Prefect is a general-purpose orchestration and dataflow coordination platform allowing you to build, run, schedule, and operationalize your dataflow at scale. It supports both batch and streaming workflows and provides an excellent developer experience allowing you to run your flows locally and seamlessly move to production and to Cloud when you’re ready.

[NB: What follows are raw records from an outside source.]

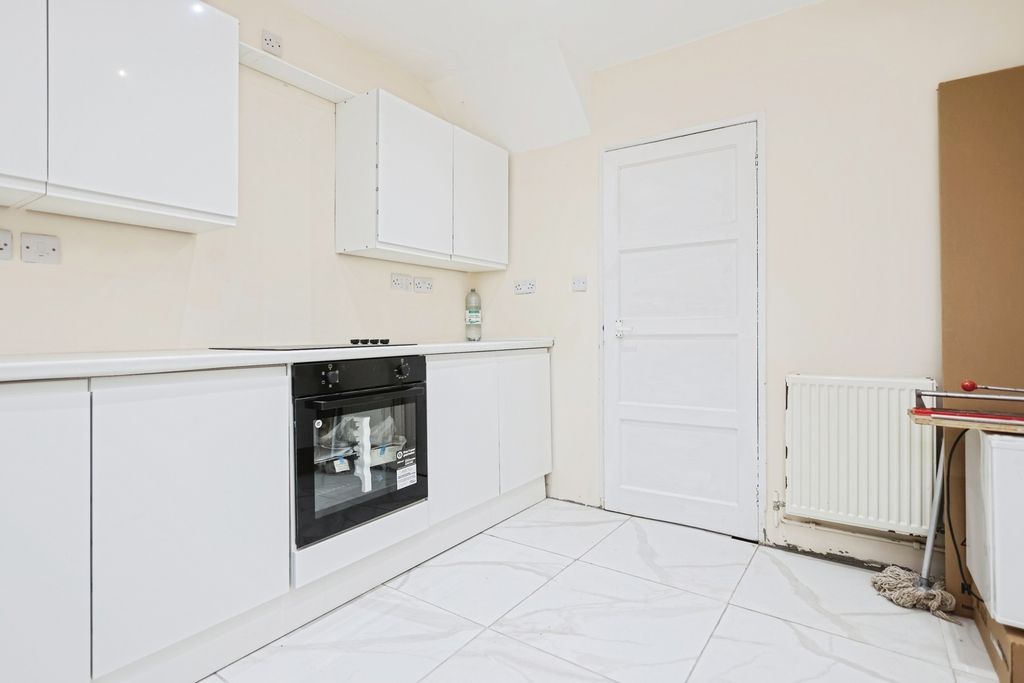 Property photo 3 of 16 Photo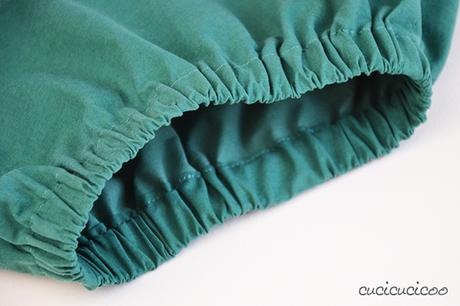 Come cucire una coulisse con elastico Come cucire una coulisse (per girovita elasticizzato). Parte della serie “Impara a Cucire a Macchina” su www.cucicucicoo.com!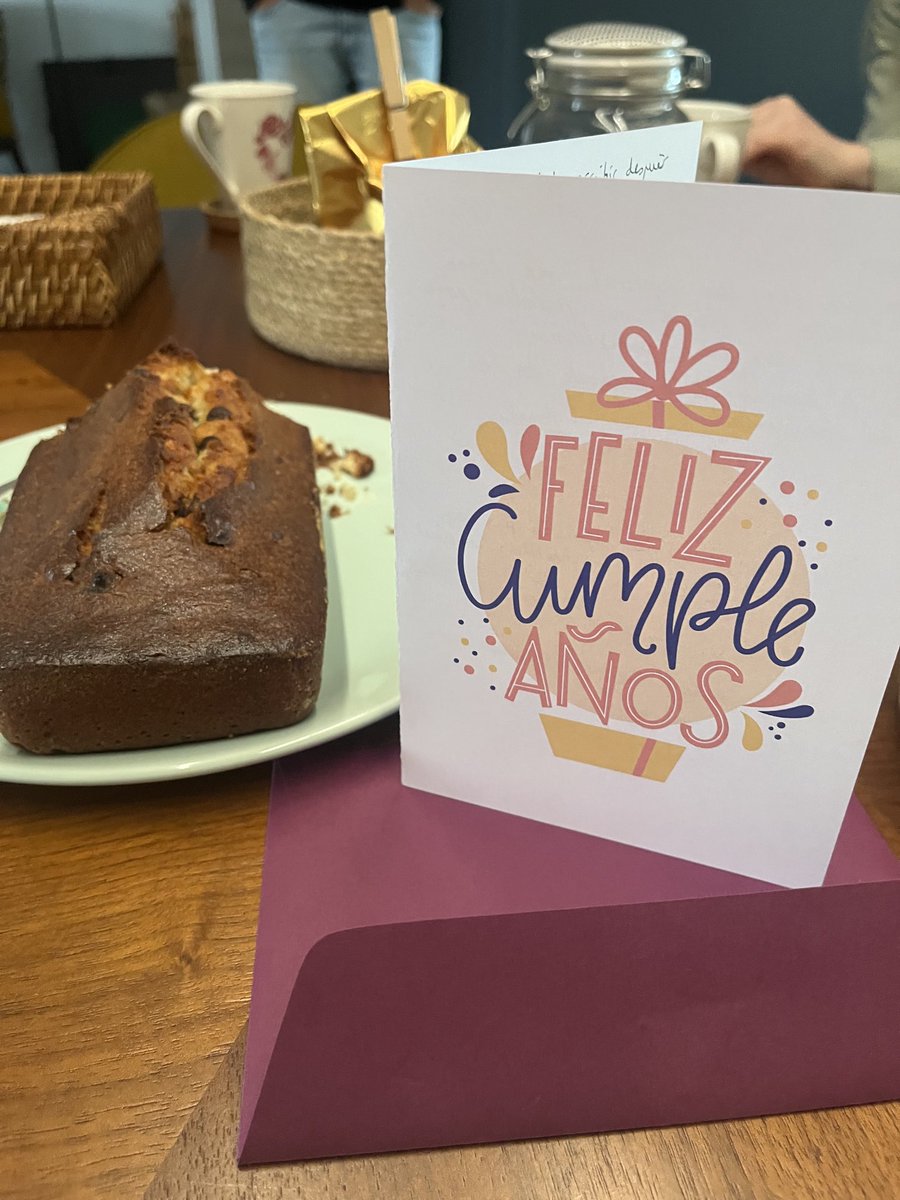 Feliz cumple años Laura !! 🥳🎉🎂🎁🎊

Among many other features, it natively supports:

  • dynamic runtime-discoverable and modular workflows,
  • passing data between tasks,
  • running your workflows on various execution platforms (on-prem, cloud, Docker, Kubernetes, serverless containers, and more) while maintaining privacy via a hybrid execution model,
  • scaling out for parallel and concurrent execution with async, Dask, and Ray,
  • various integrations through Prefect Collections - such as this one!

Install Prefect

You can install Prefect and other dependencies needed for this integration using the command (run this from the home directory which prefect-openmetadata was cloned into):

pip install -r requirements.txt

To make sure that OpenMetadata logs are stored in the Prefect backend and displayed in the UI, run the following command:

prefect config set PREFECT_LOGGING_EXTRA_LOGGERS='Ingestion,OMetaAPI,Metadata,Profiler,Utils'

This way, Prefect is aware of the extra loggers from OpenMetadata.

Self-hosted Orion server

When you install Prefect, this will not only install the client library, but also an ephemeral API server and UI, which can be optionally started using:

prefect orion start

If you navigate to the URL, you’ll be able to access a locally running Prefect Orion UI:

http://localhost:4200

Prefect Cloud

Alternatively, you can sign up for a free Prefect Cloud account and create a workspace. Then, install Prefect and log into your Cloud workspace from a terminal:

pip install prefect
prefect cloud login